The S&P/ASX 200’s 6.4 per cent advance since the start of the year has been built on the premise that Australian interest rates are near a top (the so-called “terminal rate”). The RBA will look for evidence in today’s data that consumer prices have peaked.

“Headline inflation is expected to increase by 1.6% QoQ taking annual inflation to 7.6% YoY from 7.3% in Q3. A sharp rise in electricity prices will drive the increase after the expiry of state subsidies,” Tony Sycamore, market analyst at IG, said.

“The trimmed mean is expected to rise by 1.6% YoY, taking the annual rate to 6.5% YoY from 6.1% in Q3. This would be the highest number since 1990 and likely mark the peak in inflation in Australia before it starts to turn lower, following the pattern viewed in the US, UK and the Eurozone in recent months.”

The ASX’s Rate Indicator tool puts the odds on another quarter-point interest rate hike next month at 53 per cent. Traders will look for a downside surprise today to ease pressure on the central bank to raise. A “hot” result would almost guarantee an increase in the cash rate target to 3.35 per cent.

Tomorrow’s public holiday looms as another headwind, with some traders likely to reduce positions. Wall Street will trade twice before the ASX reopens on Friday. Trade in China and Hong Kong remains suspended for Lunar New Year holidays.

The quarterly reporting season rolls on with updates today from Newcrest and Woodside Energy, as well as a slew of smaller companies.

Trade in the US leaned defensive overnight, with utilities, real estate and consumer staples among the best performers. Industrials gained 0.64 per cent, utilities 0.48 per cent, real estate 0.4 per cent and consumer staples 0.38 per cent.

The two sectors with the biggest weighting on the ASX were little changed. Financials gained 0.1 per cent. Materials added 0.03 per cent. Drags included health -0.65 per cent and energy -0.22 per cent.

The dollar cemented its move above 70 US cents, rising 0.21 per cent to 70.44 US cents.

Commodities

Oil backed off its highest level in two months as weak US and European economic data raised questions about the demand outlook. Measures of manufacturing and services sector activity in both continents contracted.

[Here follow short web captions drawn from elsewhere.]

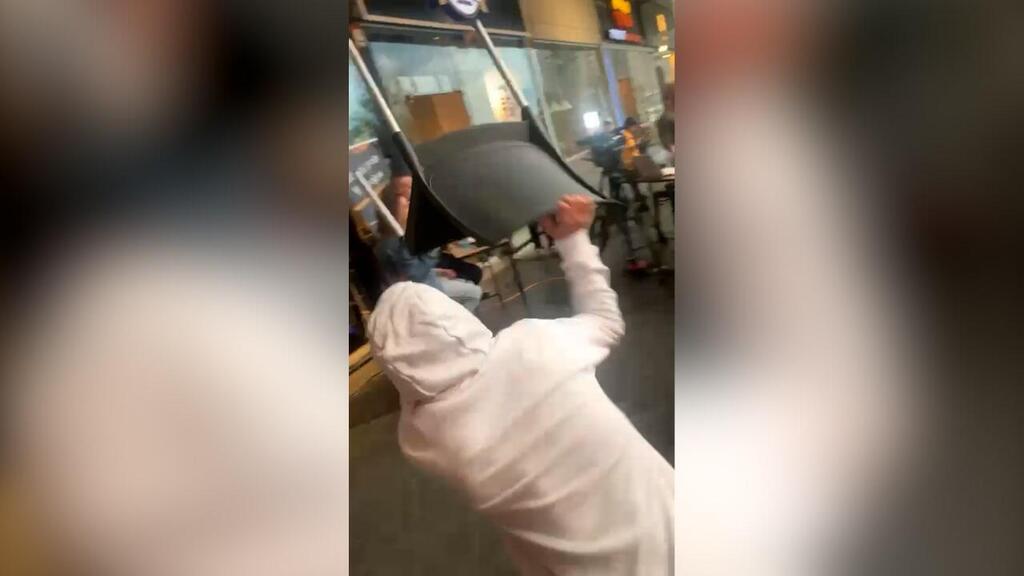 Фрагмент видеозаписи בשידור חי - כיסא הושלך לעבר אמיר חצרוני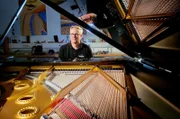 Der Restaurator: Klavierbauer Jens Wagner vom Pianohaus Hübner in Trier an einem restaurierten Steinbeis-Flügel.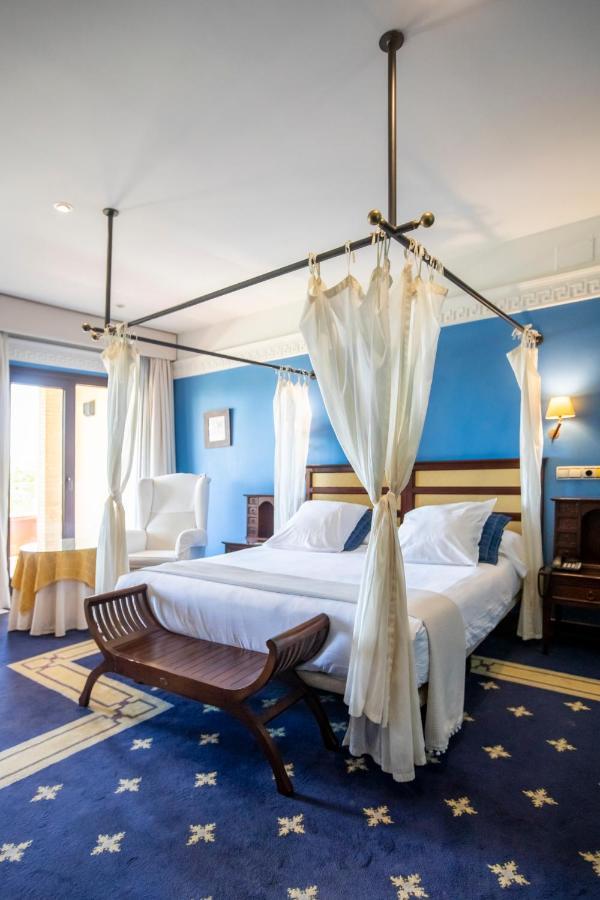 Hotel Soho Boutique Vistahermosa Эль-Пуэрто-де-Санта-Мария Экстерьер фото
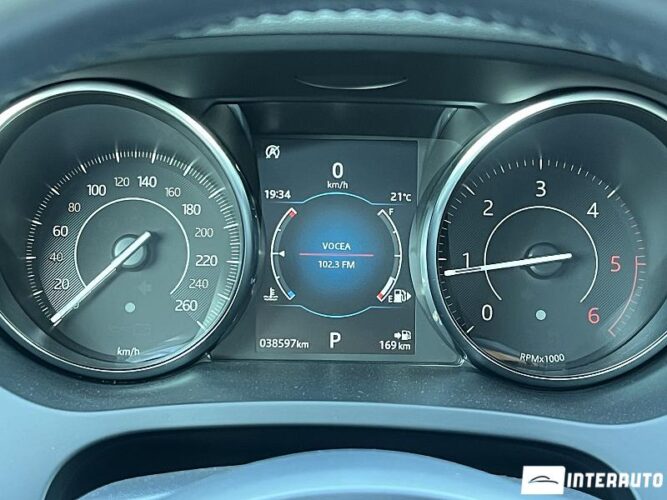 Jaguar E-Pace 48 interauto-car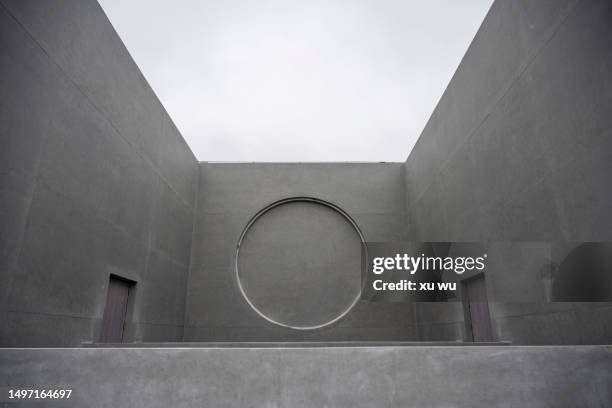 modern architecture concrete wall - zementboden stock-fotos und bilder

Michael Hewson, chief market analyst at CMC Markets UK, said there was “uncertainty about how much of a demand boost we’ll see, and concerns over a weakening U.S. economy constrains the upside.”

“With the latest PMI numbers in Europe and the UK showing signs of weakness despite lower energy prices, some doubt is creeping in around any sort of rebound in economic activity,” he added.

Brent crude settled US$2.06 or 2.3 per cent lower at US$86.13 a barrel. The US benchmark, West Texas Intermediate, dropped 1.8 per cent to US$80.13.

Gold finished at a fresh nine-month high as the US dollar retreated. Gold for February delivery settled US$6.80 or 0.4 per cent ahead at US$1,935.40 an ounce. The NYSE Arca Gold Bugs Index put on 0.88 per cent.

“A weaker dollar and soft U.S. economic data could further sweeten appetite for gold over the next few days,” Lukman Otunuga, manager, market analysis at FXTM, said.

Copper retreated as weak manufacturing gauges from the US, Europe, the UK and Australia sharpened worries about a global recession. The Judo Bank Australian manufacturing PMI sank to a 32-month low this month.

Benchmark copper on the London Metal Exchange fell 0.22 per cent to US$9,335 a tonne. Aluminium improved 0.56 per cent, nickel 0.93 per cent, lead 4.43 per cent, zinc 0.57 per cent and tin 1.39 per cent.

Battery metal miners rose for a third night. The Global X Lithium & Battery Tech ETF climbed 0.87 per cent on the New York Stock Exchange to a five-month high. The VanEck Rare Earth/Strategic Metals ETF gained 1.2 per cent.

BHP‘s US-traded depositary receipts put on 0.54 per cent. The miner’s UK listing gained 0.21 per cent. Rio Tinto added 0.3 per cent in the US and 0.5 per cent in the UK.

Trade in iron ore on the major exchanges, including China and Singapore, was suspended for Lunar New Year holidays.